It is now widely acknowledged that the best way to utilize the wealth of data at organizations’ disposal is by democratizing data, allowing all employees access to the data in such a format that they can use it effectively in their day-to-day decision making.
Speaking at the Big Data Innovation Summit last September, Riley Newman, Head of Data Science at Airbnb, discussed how the room letting platform has achieved this and the benefits to doing so.
Newman is somewhat of an oddity among data scientists in that he doesn’t believe that companies should necessarily be 'data-driven'. Rather, he believes that it is more sensible that decisions be data ‘informed’. He notes that, ‘data is often a useful piece of information, but it's rarely a complete picture.
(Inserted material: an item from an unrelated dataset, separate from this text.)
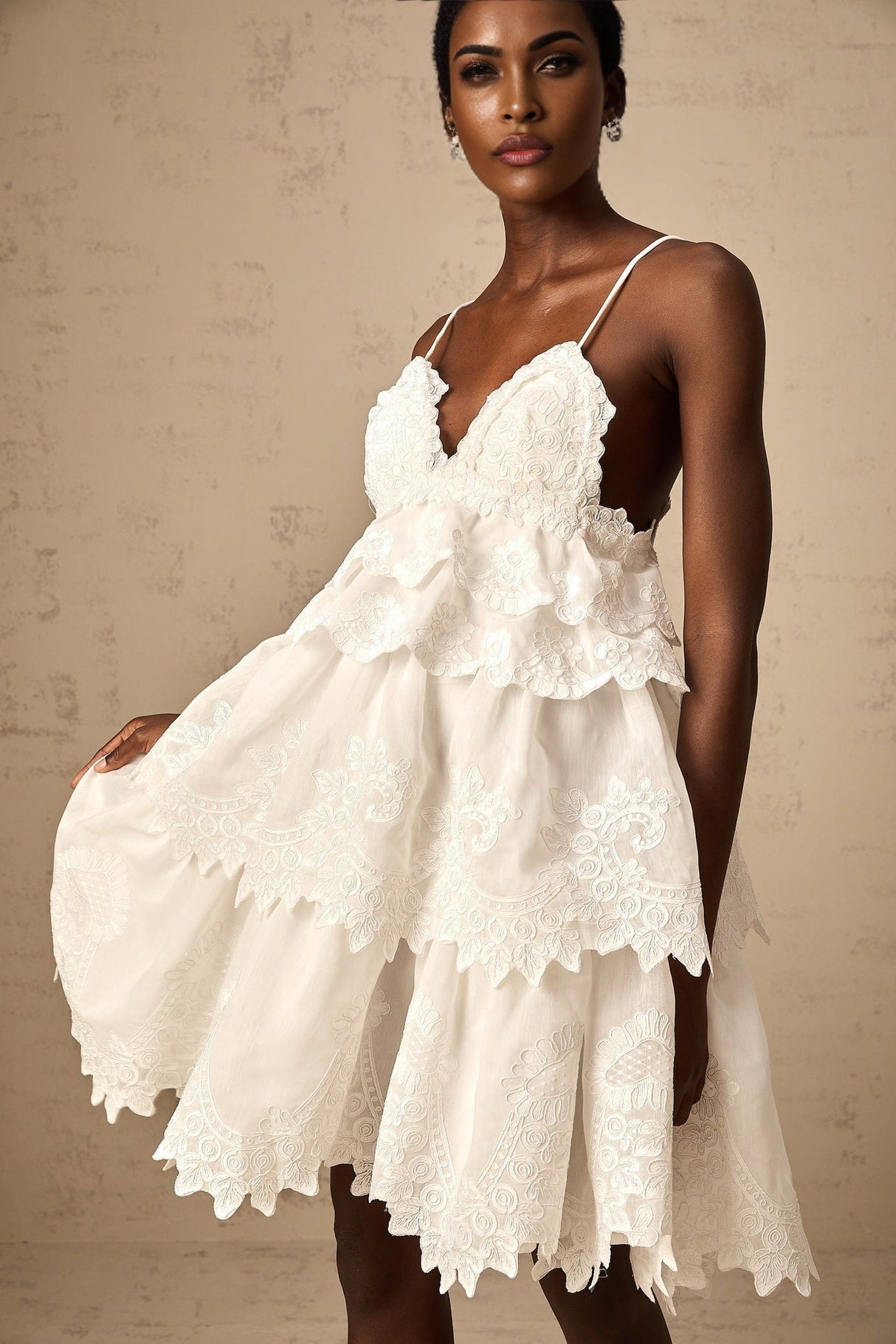 Skye Mini Dress Sweetheart Neck Lace Hem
So a company should be data informed, with the understanding that there may be more to the story.’
When Newman first joined Airbnb in 2010, the big data phenomenon had yet to take off in earnest. He was also just their seventh employee - an unusual move for a startup who usually hire later in the growth cycle. It was his goal to ensure that Airbnb make these data informed decisions as they grew.
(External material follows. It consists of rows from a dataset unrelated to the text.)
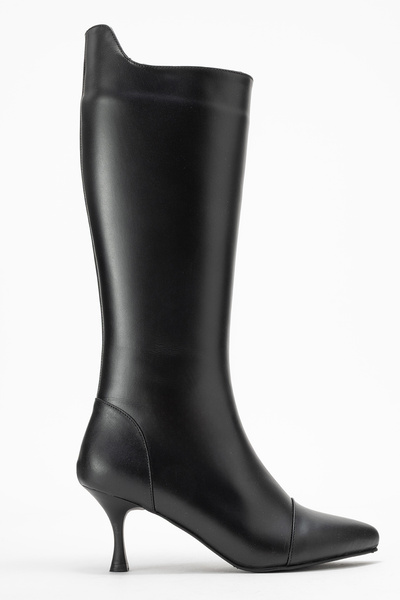 Ataköy Ayakkabı KADIN DERİ İNCE TOPUKLU ÇİZME SIYAH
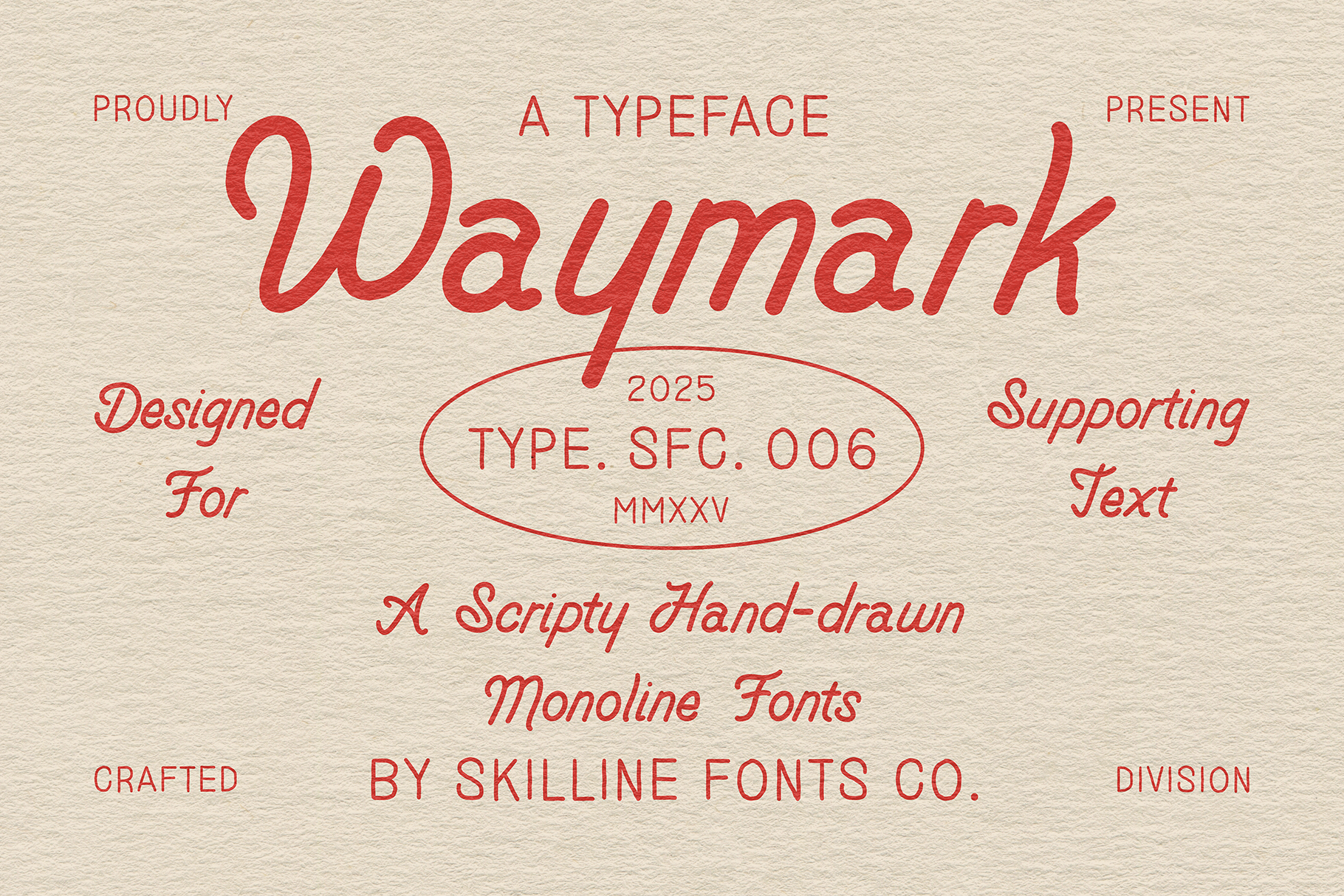 Waymark Typeface promotional image showcasing a scripty hand-drawn monoline font. Ideal for designers seeking unique typography digital assets. Fonts category.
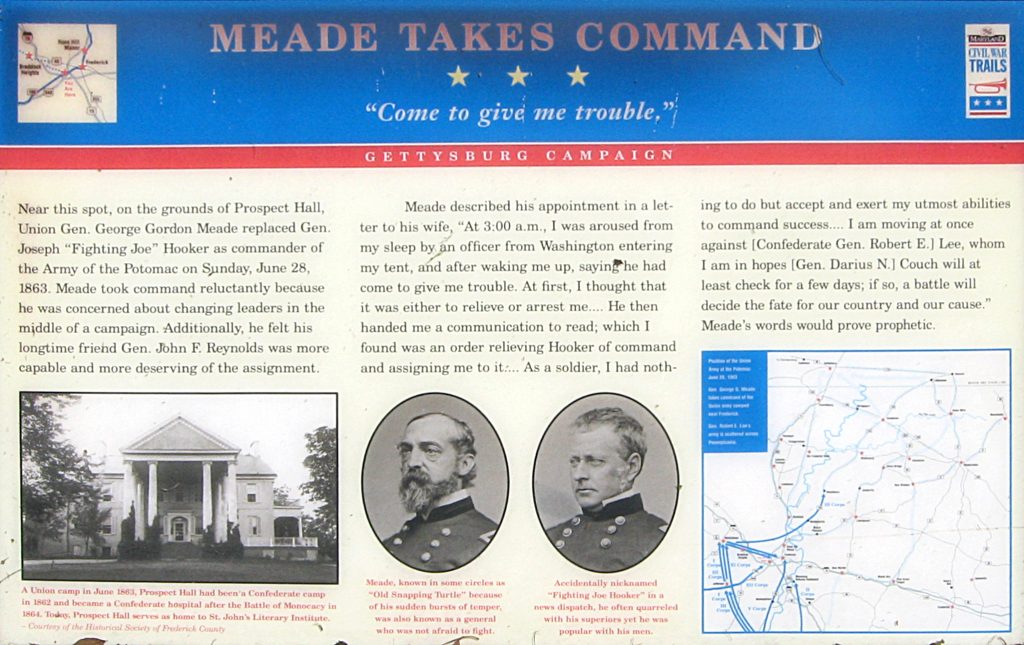 Wayside marker outside Frederick, Maryland where Major General George Meade took command of the Federal army of the Potomac on June 28, 1863, just before the Battle of Gettysburg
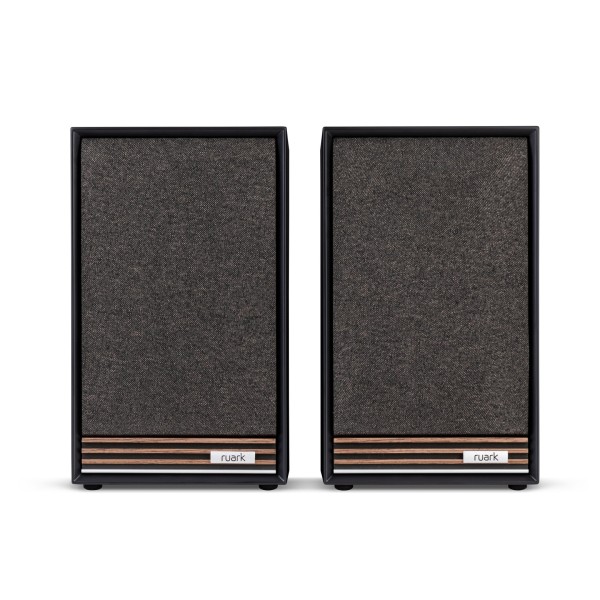 Ruark Sabre-R Bookshelf Speakers (Pair), Charcoal - Front view with grille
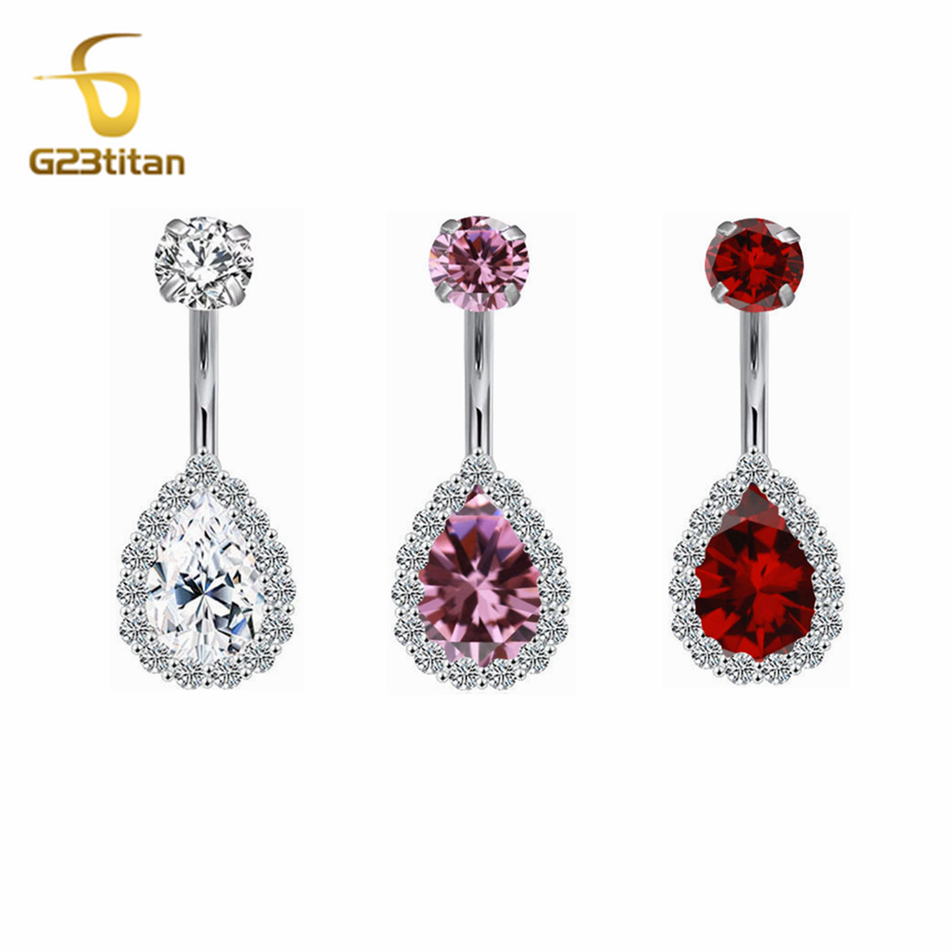 100% G23チタン製へそピアスリング CZジルコン 14 - Belly Bar Titanium のレビューと価格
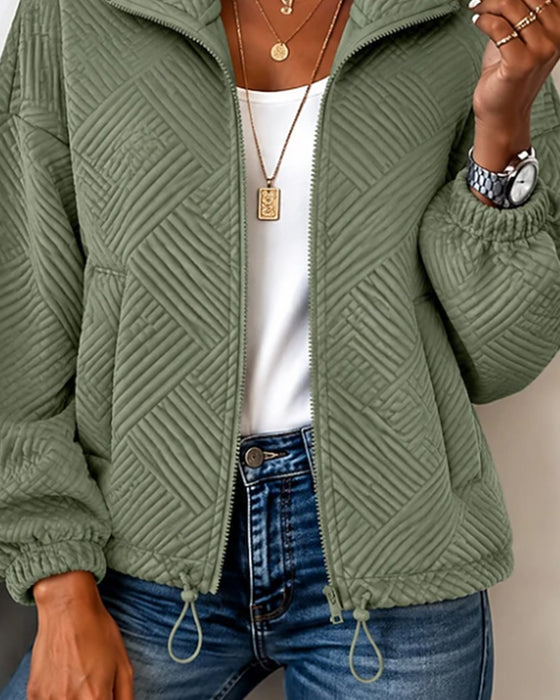 Stand Collar Zipper Short Coat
In his early days, he says that the way they had set up their data - in a hive with 3500 tables, of which only 5 were actually any good - they were forced to rely on tribal knowledge to make sense of the tables. This resulted in multiple parallel efforts focused on solving what were essentially the same problems at the same time, with each department looking at different sources of truth, causing a great deal of confusion and wasted efforts.
The problems with such an approach became clear around 2011, when Airbnb exploded internationally. The ‘Jack of all trades’ approach the data science team - with just three people at the time - was no longer fit for purpose, and Newman looked for a new way of doing things. In order to fix this problem, Airbnb established something called ‘Core Data’, providing one canonical source of truth to all staff to ensure they were no longer working at crossed purposes.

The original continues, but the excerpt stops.